Rein menschlich kann ich das Bedürfnis von Schulze & Co., sich ein wenig Ablenkung von den drückenden Sorgen der Politik zu verschaffen, durchaus verstehen. Immerhin treibt die politische Elite täglich der Gedanke an den bedrohlichen Zustand der Welt um. Sie hat ein großes Herz für die Geknechteten dieses Planeten und kämpft um die Akzeptanz der Bevölkerung, für diese armen Menschen Portemonnaie und Einfamilienhäuser zu öffnen. Ob es der afrikanische Migrant ist, der sich den tückischen Fluten des Mittelmeeres anvertraut, um in Deutschland ein Zipfelchen Glück zu erhaschen, oder die ukrainische Familie, die ihren vom Mund abgesparten SUV vor der Annektion retten möchte - die Sorge um ihr Schicksal raubt SPD und Grünen den nächtlichen Schlaf.
 
Doch steht zu befürchten, dass rechte, von Russland finanzierte Trolle das Foto im Bierzelt aus dem Kontext reißen und für ihre Zwecke instrumentalisieren werden. Kleinlich werden sie auf der Krise der deutschen Wirtschaft herumreiten, den Bäckereien, welche ihre Gasrechnung nicht mehr bezahlen können oder den Bürgern, denen die Mietnebenkosten das Gehalt wegfressen. Eventuell kommen dabei auch die Solidaritätsaufrufe zur Sprache, mit denen an die Bevölkerung appelliert wird, sich nur noch per Waschlappen zu reinigen. Die hygienischen Errungenschaften der letzten Jahre werden ohne Frage exorbitant überschätzt. Warmer Mief hingegen kann die Lösung des Heizungsproblems darstellen - und ein wenig Schmutz bietet eine ausgezeichnete Isolierung. Die russischen Trolle - vor allem jene aus Sibirien - hätten gewiss ein paar gute Ratschläge für uns, wie man eisige Kälte überstehen kann - aber ach! - aus Gründen der politischen Korrektheit können wir sie nicht befragen. So dürfen wir Kiew nicht vor den Kopf stoßen!

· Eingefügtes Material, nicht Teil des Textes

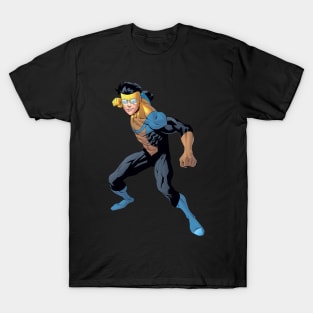 invincible stckr T-Shirt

Jetzt aber einmal im Ernst: Das Foto vom Oktoberfest werde ich mal auf dem Handy belassen. Den Bayern gönne ich ihre Wiesn von Herzen, noch schöner wäre es allerdings, wenn sich auch der Normalbürger die Preise leisten könnte, um endlich mal wieder zu feiern. Allerdings würde ich das Bild gern jedem Corona-Paniker im Bus oder Zug unter die Nase halten, der sich noch immer von der Bundesregierung einen dicken Bären auf selbige binden lässt. Schaut hin, wenn ihr das nächste Mal einen anderen Fahrgast wegen vergessener Maske ankeift - so genau nehmen es jene Politiker, die euch die Vorschriften gemacht haben, die ihr akribisch befolgt. Das ist keine Schwurbelei, sondern etwas, das tagtäglich vorkommt. Aber ich bin sicher, man wird uns auch dieses Mal wieder eine Erklärung auftischen, warum das bei uns etwas ganz anderes ist. Ich bin gespannt.